London’s Wembley Stadium, 1954

In 1904, three years after the first Nobel Prize for Literature was awarded to the French poet Sully Prudhomme, the English Football Association chose not to participate in the formation of an International Football Federation (FIFA). They could not see the point. Nor in 1930, the year in which Sinclair Lewis won the Nobel, did England participate in the first World Cup: the English objected to the prospect of a ten-day ocean crossing to Uruguay to play teams that meant nothing to them. The first international football game, they pointed out, had been between England and Scotland, in 1872—a time when Alfred Nobel was still focused on improving his dynamite. Who needs Argentina or Brazil when you have Scotland to play?

I am not the first to draw attention to parallel processes of internationalization in sports and literature. As with many analogies, it is the combination of similarity and difference that is illuminating. For all the different styles of play in different countries and continents, football is a game whose rules can be universally applied. North Korea plays Mexico with a Swedish referee and despite one or two contested offside decisions a result is recorded and one team can pass to the next round without too much discussion. But can we feel so certain when the Swedish referee judges poems from those two countries that he will pick the right winner? Or even that there is a “right” winner? Or even a competition? The Mexican did not write his or her poems with the idea of getting a winning decision over the North Korean, or with a Swedish referee in mind. At least we hope not.

The interesting thing, then, about the English refusal to participate in the early World Cups is that, although there was no real obstacle to measuring themselves against teams from far away, they did not feel that this competition for notional world supremacy was what the sport was for. What mattered was familiar communities confronting each other in the stadium—that would give meaning to the game.

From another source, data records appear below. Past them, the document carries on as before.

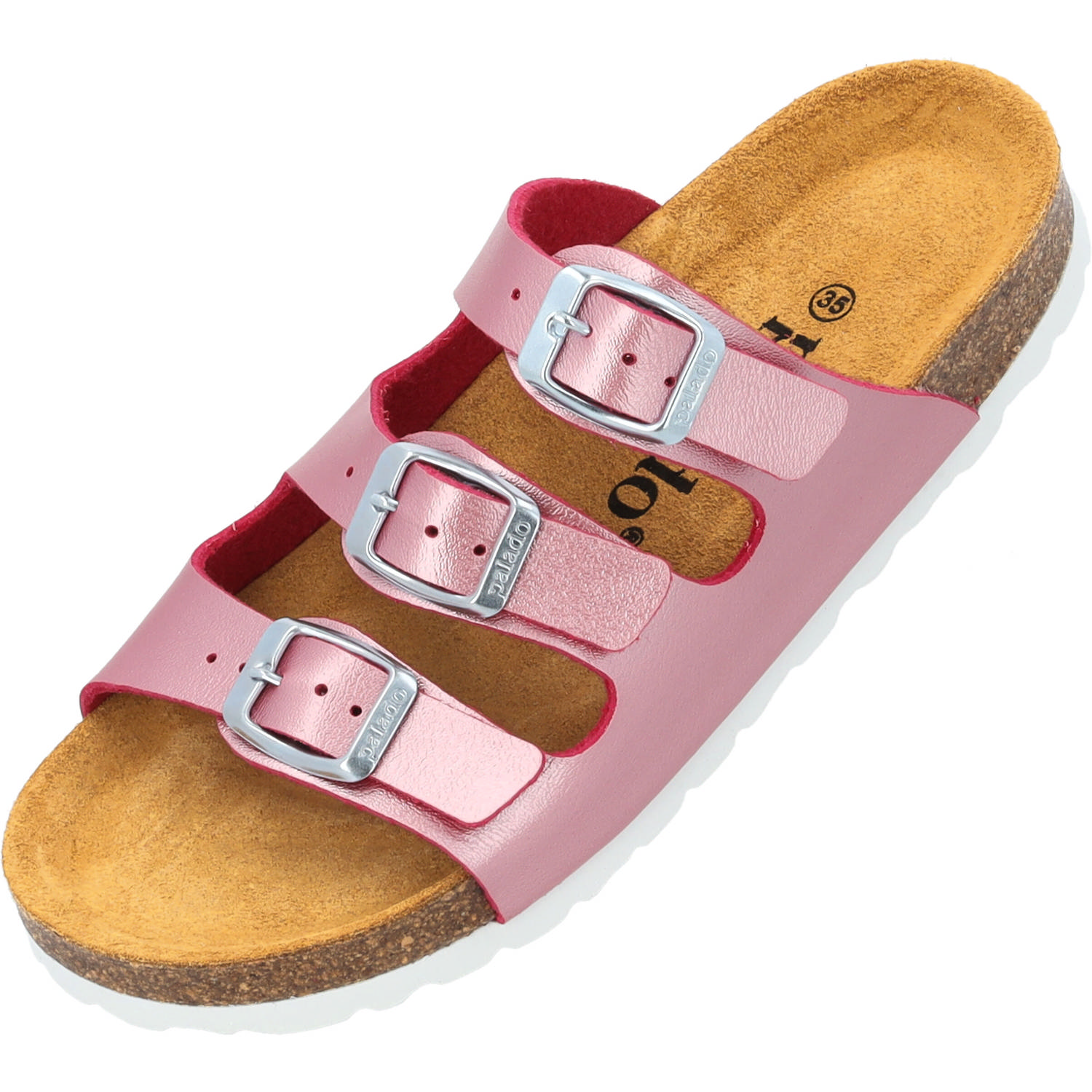 Palado Kids Capri G Metallic, Pantoletten, Kinder, Pink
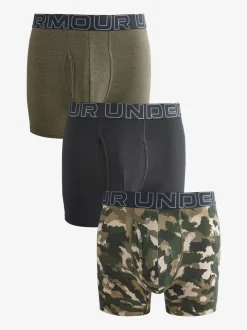 Under Armour Camouflage Performance Cotton Print 6 inch Boxers 3 Pack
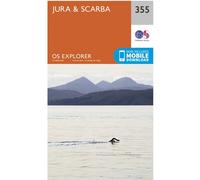 Explorer 355 Jura & Scarba Map With Digital Version, Orange One Size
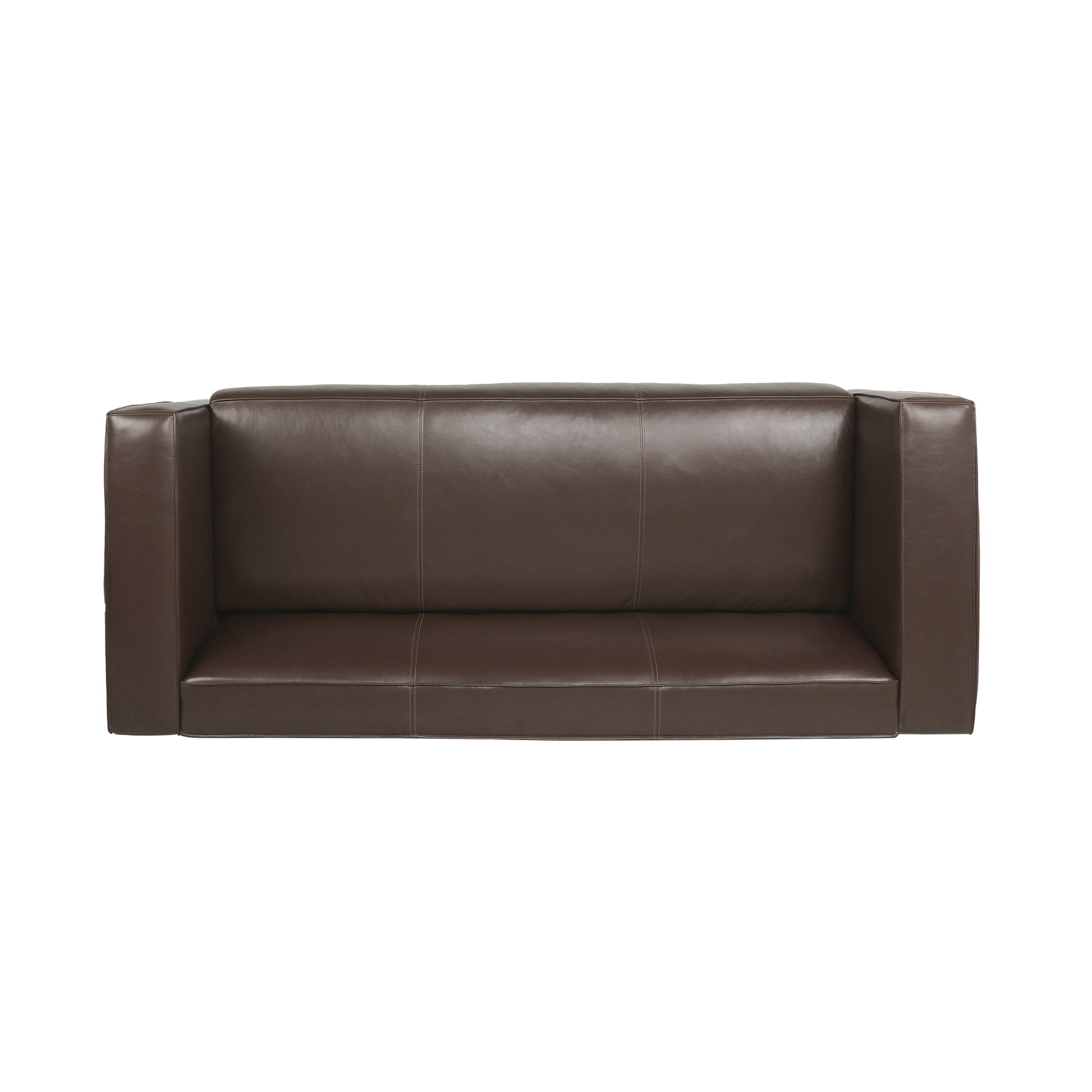 3 Seater Sofa Dark Brown Fabric 3 Seat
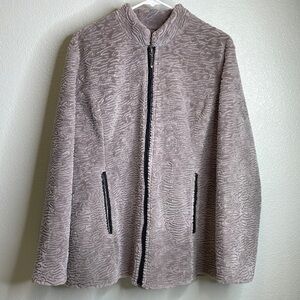Ameri Mode textured full zip jacket coat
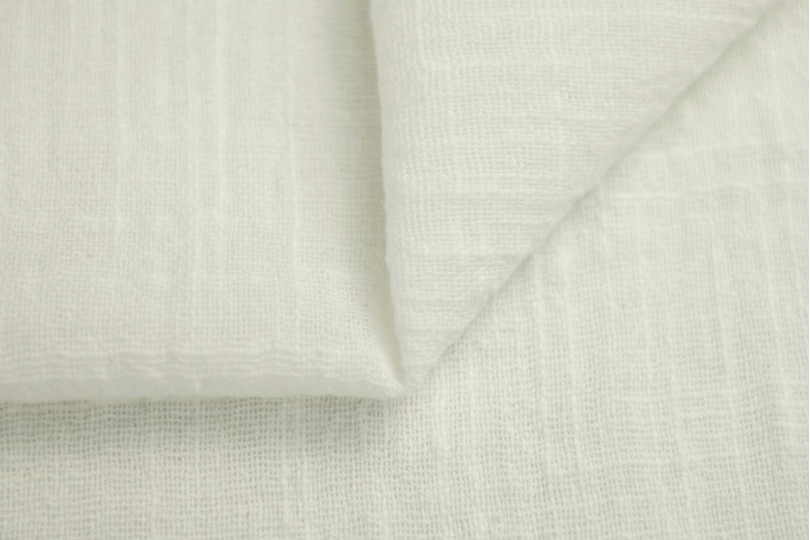 Марлевка хлопок слаб (cotton slub), цвет — молоко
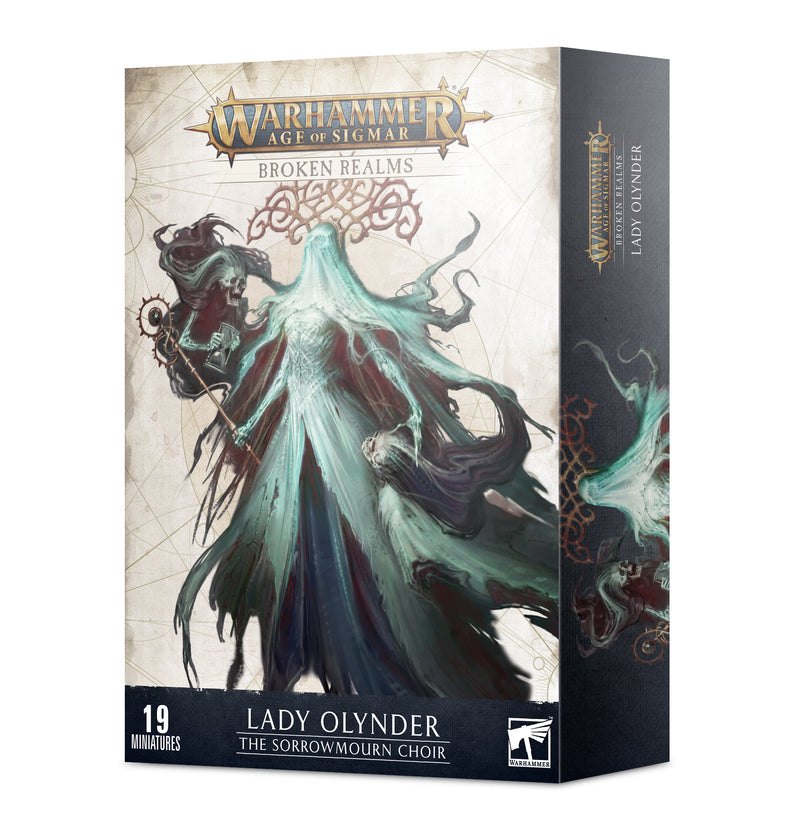 Age of Sigmar: Nighthaunt - Lady Olynder; The Sorrowmourn Choir (Broken Realms) (OOP)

Vice versa, what is fascinating about international literary prizes is that the obstacles to choosing between writers coming from different cultures and working in different languages are so evident and daunting as to render the task almost futile; yet such is the appetite for international prizes and for winners that people do everything possible to overlook this. So what is the underlying purpose of these prizes? To what extent are novelists—like athletes in the Olympics, or soccer players in the World Cup—being asked to contribute to the building of a vast and for the moment largely imaginary global culture? In what way does this change the kind of literature that gets written, and the way it is written and talked about?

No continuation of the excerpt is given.